Whilst investigating a performance issue on an Oracle 10.2.0.5 database running on Solaris 10, I had to do a little digging to discover exactly how asynchronous I/O is implemented within Oracle when the database is using the UFS filesystem.
It was not as straightforward as i thought, because I had to start from the beginning and not trust any current Oracle settings. For example, FILESYSTEMIO_OPTIONS was set to “ASYNCH” in the spfile.
This would normally indicate that a DBA has specifically determined that ASYNCH I/O is possible and that they do not want to use DIRECTIO (or concurrent I/O).
Yet, reading the SAP notes, you would think that this is a moot point.
SAP note 830576 “Parameter recommendations for Oracle 10g” v227 clearly states that Oracle 10.2 on Solaris with UFS filesystems, supports asynchronous I/O, so therefore set the FILESYSTEMIO_OPTIONS to “SETALL”.

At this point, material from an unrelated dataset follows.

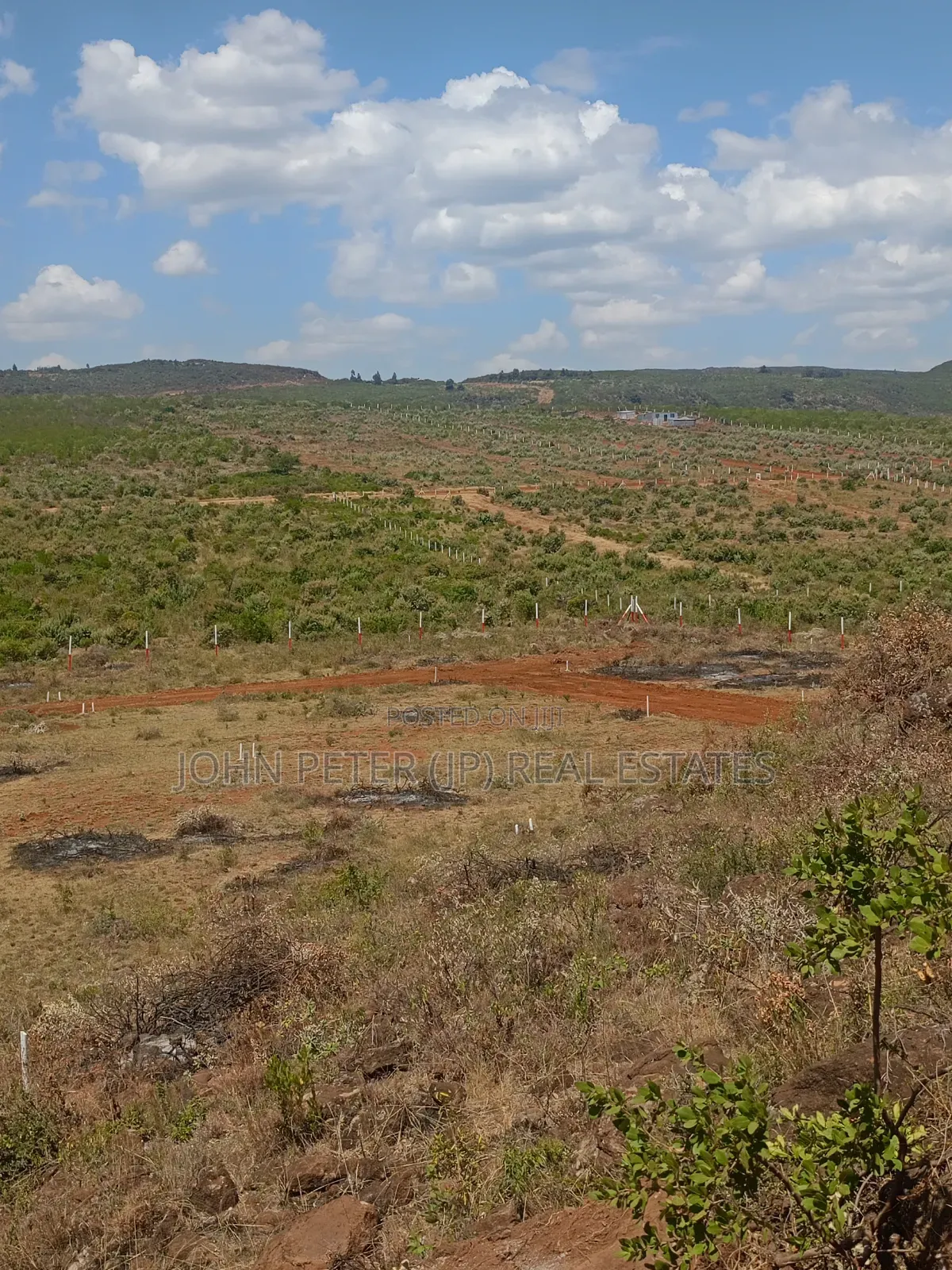 Residential or Investment Plots in Nachu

However, if you have access to “My Oracle Support” you can check Oracle document “SOLARIS: Asynchronous I/O (AIO) on Solaris (SPARC) servers (Doc ID 48769.1)” which explains that, in Solaris with UFS, Oracle does not actually perform asynchronous I/O at the kernel (Solaris) level. Instead, Solaris simulates AIO by performing parallel writes (calls pwrite() ) but to Oracle it still looks and feels like KAIO.
So, the details in the SAP note are not exactly accurate. AIO is not supported in Solaris, but is simulated. Also, the simulation is just issuing more parallel I/O requests.
If your disk sub-system is slow, it’s still going to be slow, but Oracle writes might be slightly faster if you handle/tune for more parallel requests at the storage layer.